EXTRACTED DATA -
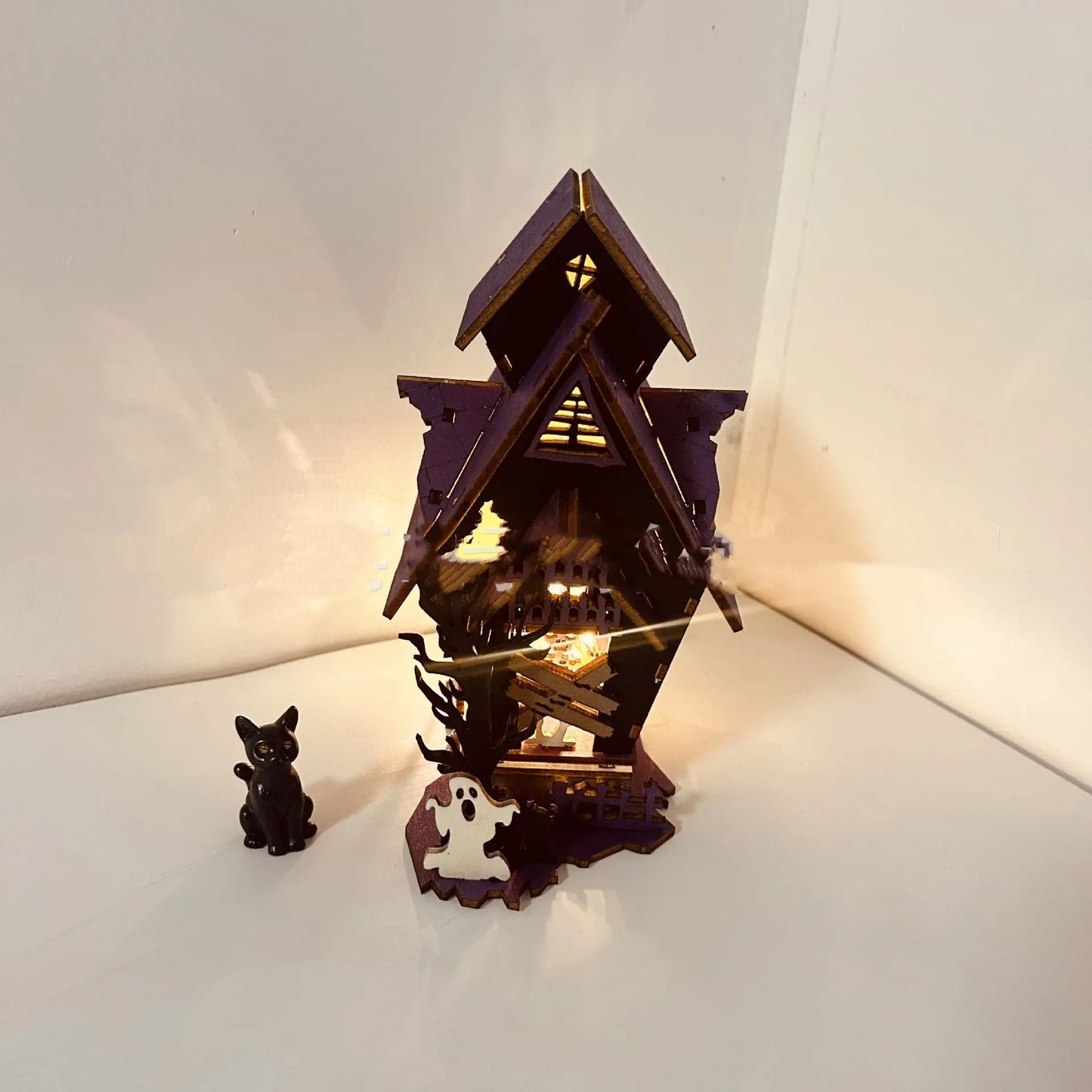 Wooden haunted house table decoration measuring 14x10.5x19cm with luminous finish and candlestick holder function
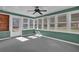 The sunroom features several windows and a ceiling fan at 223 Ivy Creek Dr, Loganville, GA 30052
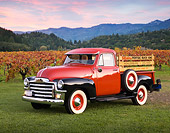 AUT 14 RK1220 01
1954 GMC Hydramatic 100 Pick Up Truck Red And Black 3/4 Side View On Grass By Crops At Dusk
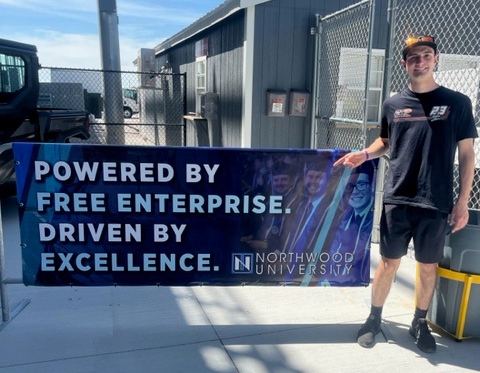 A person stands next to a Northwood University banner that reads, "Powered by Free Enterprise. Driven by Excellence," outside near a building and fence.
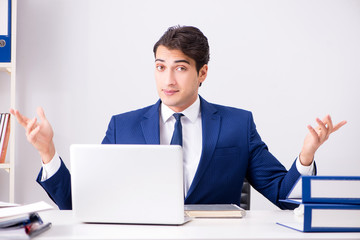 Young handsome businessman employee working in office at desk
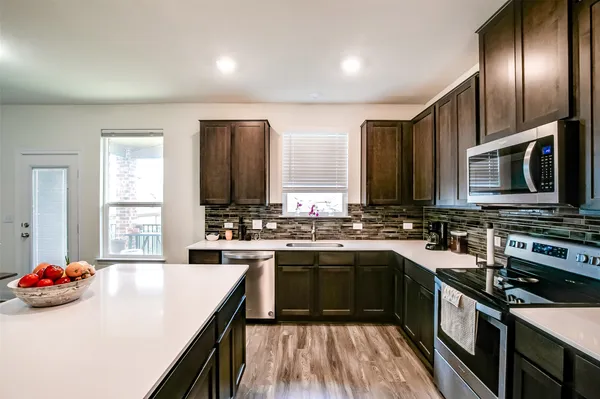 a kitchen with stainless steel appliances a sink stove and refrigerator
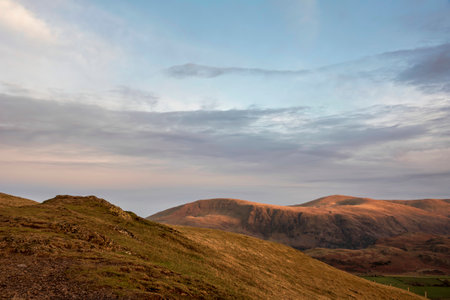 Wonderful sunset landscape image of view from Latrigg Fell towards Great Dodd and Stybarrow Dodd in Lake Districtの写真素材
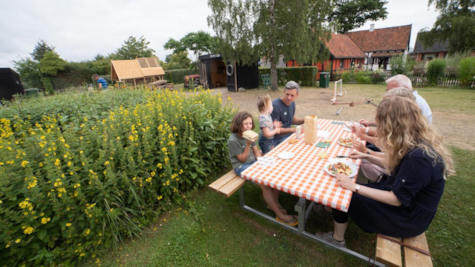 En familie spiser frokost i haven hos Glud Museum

PROBLEM STATEMENT -
Start with the line with "The sunroom features" in the listing above and stop after the line with "A person stands". Write out exactly the lines in that stretch and no others, without pictures.

SOLUTION FOR THIS EXERCISE -
 The sunroom features several windows and a ceiling fan at 223 Ivy Creek Dr, Loganville, GA 30052
 AUT 14 RK1220 01
1954 GMC Hydramatic 100 Pick Up Truck Red And Black 3/4 Side View On Grass By Crops At Dusk
 A person stands next to a Northwood University banner that reads, "Powered by Free Enterprise. Driven by Excellence," outside near a building and fence.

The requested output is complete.